少なくとも女はそう思ったし、コイツは絶対阿呆だ、とも思った。
「しっかしまぁ、見つけた時はおっ死ぬもんだとばっかり思っとったが、なかなかどうして、お主頑丈よなぁ。髪も儂に負けず劣らず豪快な色じゃし、胸尻もでかいしの。ああ、アレか? お主、ひょっとして蛇穴山のヤマガミサマか? がっはっはっはっは!」
遠慮の欠片もない男の笑い方が、女はひどく癇に障って仕方がない。本人にその気はないのだろうが、どうにも無闇に馬鹿にされている気がするのである。言動に知性が感じられないのだ。
大体、ヤマガミ云々と彼女の胸尻の大きさに、何の関係があるというのだろう。
「……、馬鹿笑いしおって、人間風情が」
「がっはっはっはは……、あん? お主、もしかして怒ったか?」
「驕るな人間。私、いや、我は――、〈白蛇〉。そう、我は『蛇穴の白蛇』よ。……決めたぞ。今日この日より、貴様のその性根、叩き直してくれる」
「や、ややややっぱり本物の神さんじゃったかあぁっぁぁああーッッ!?」
男は神の口上を信じ切り、慌てて横柄な態度を一転させると、土下座を始めてしまう。小さく折りたたまれた巨躯が床に額を打ち付けるたびに、あばら屋全体が不安なほどの軋みをあげた。

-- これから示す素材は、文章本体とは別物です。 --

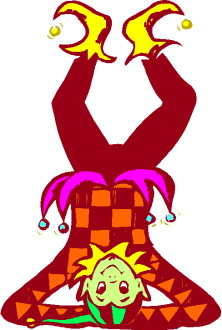 Jesters clip art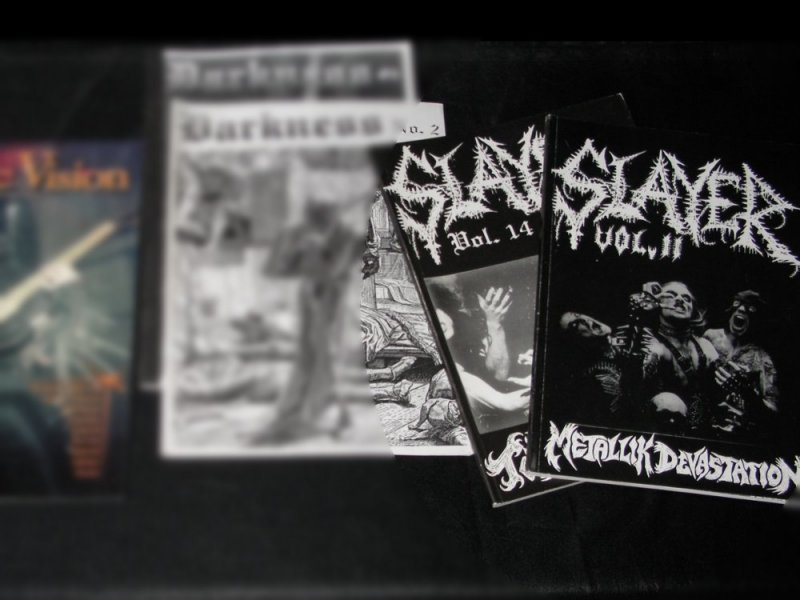 SLAYER Vol. 11 und 14 - Black Metal - Musikmagazine - BM-Mags extrem engl.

女は布団を被りながら、怒ったように男を睨んでいたが、
「…………くす」
しかし、すぐに堪えきれなくなった。
「……な、なんじゃぁっ? 神さん、今度はどうなってしもうたんじゃぁ?」
恐る恐る、布団を盗み見た男は……、その瞬間、息をするのを忘れてしまう。
アンゴルモアが人生百回分の時間を費やしても、手に入れる事ができなかった可能性。その可能性が今、現実のものになっている。
銀の前髪で隠すように、太陽の眼は弓なりになっていた。
白磁の頬を緩ませて、桜色の唇は穏やかに広がっている。
そして透き通るような声を上げながら、
一万年前の娘は、一万年ぶりに笑っていた。